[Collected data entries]
----

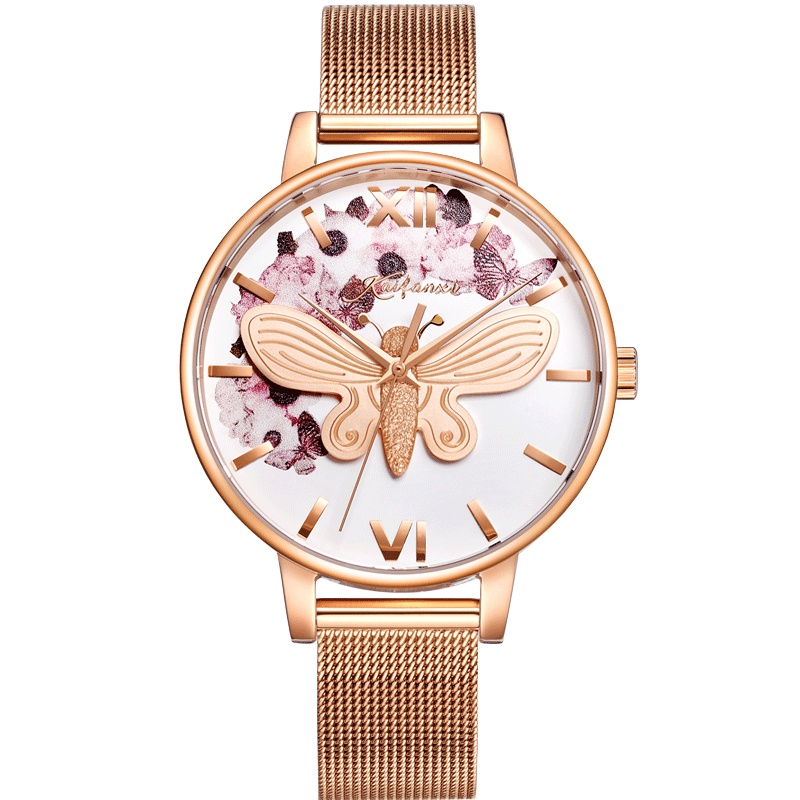 M.B.K凯梵希系列手表时尚潮流女表防水表品牌石英表 女士手表3D蝴蝶ob手表小蜜蜂英伦休闲风5899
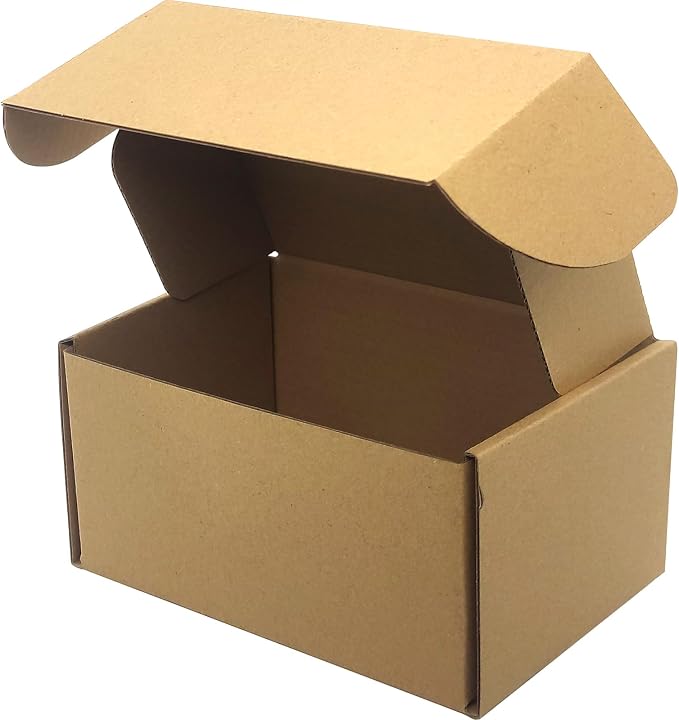 6x4x3 Shipping Boxes Set of 50, Brown Mailer Corrugated Cardboard Box | for Packaging, Literature, Packing, Mailing, Storage, Small Business, Moving, Gift, Supplies, Quick Fold, Tab Locking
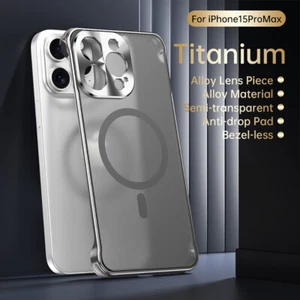 For iPhone 15 14 13 Pro Max Aluminium Alloy Metal Bumper Magnetic Phone Case - Picture 1 of 18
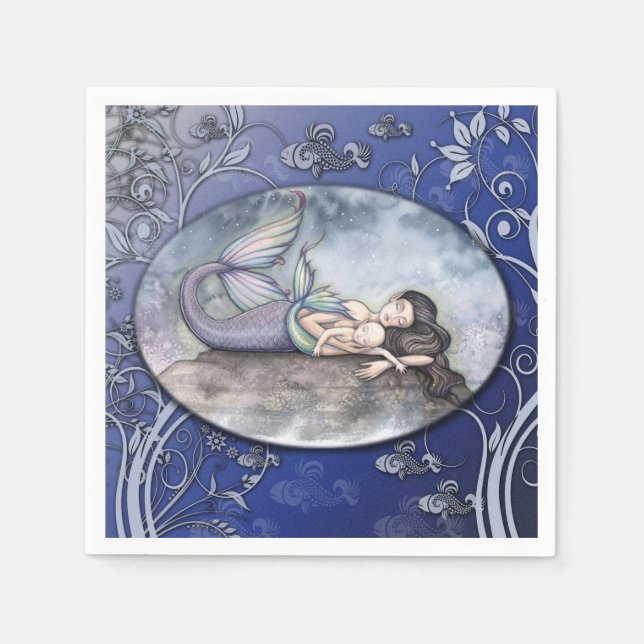 Mermaid und Baby-Dusche Napkins Serviette (Vorderseite)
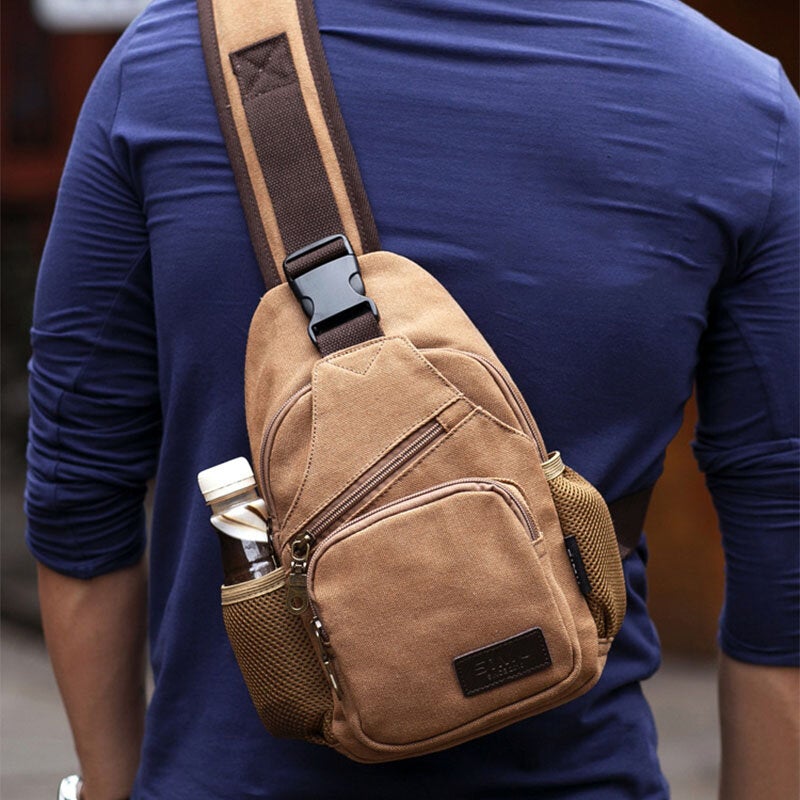 Men Vintage Canvas Shoulder Bag Crossbody Chest
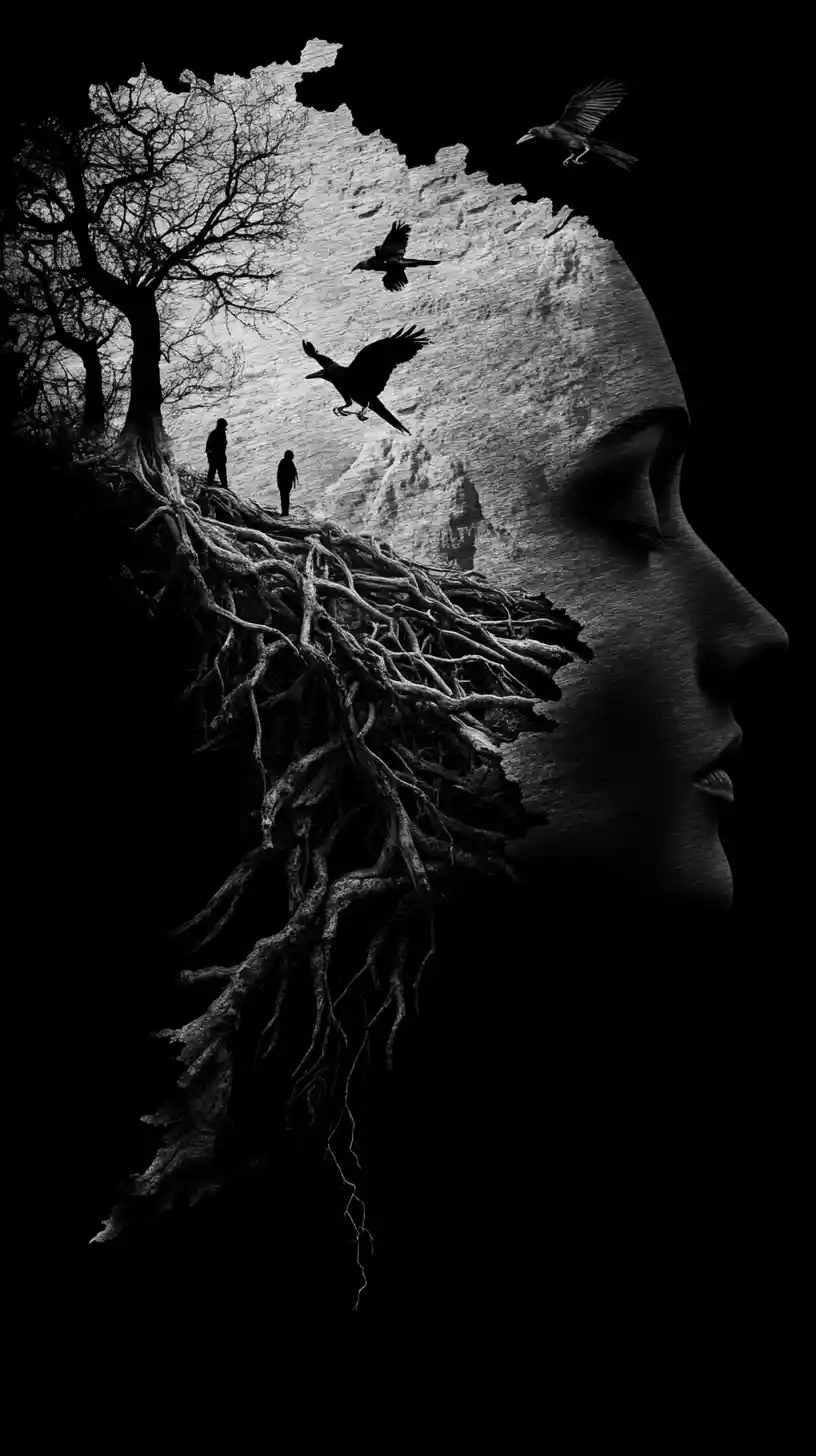 Human profile silhouette filled with collapsing organic forms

----

GOAL OF THE EXERCISE: Give back the lines from the one containing "Mermaid und Baby-Dusche" through the last line of the records above exactly as they appear, both included, and no pictures.

RESULT OF THE TASK:
 Mermaid und Baby-Dusche Napkins Serviette (Vorderseite)
 Men Vintage Canvas Shoulder Bag Crossbody Chest
 Human profile silhouette filled with collapsing organic forms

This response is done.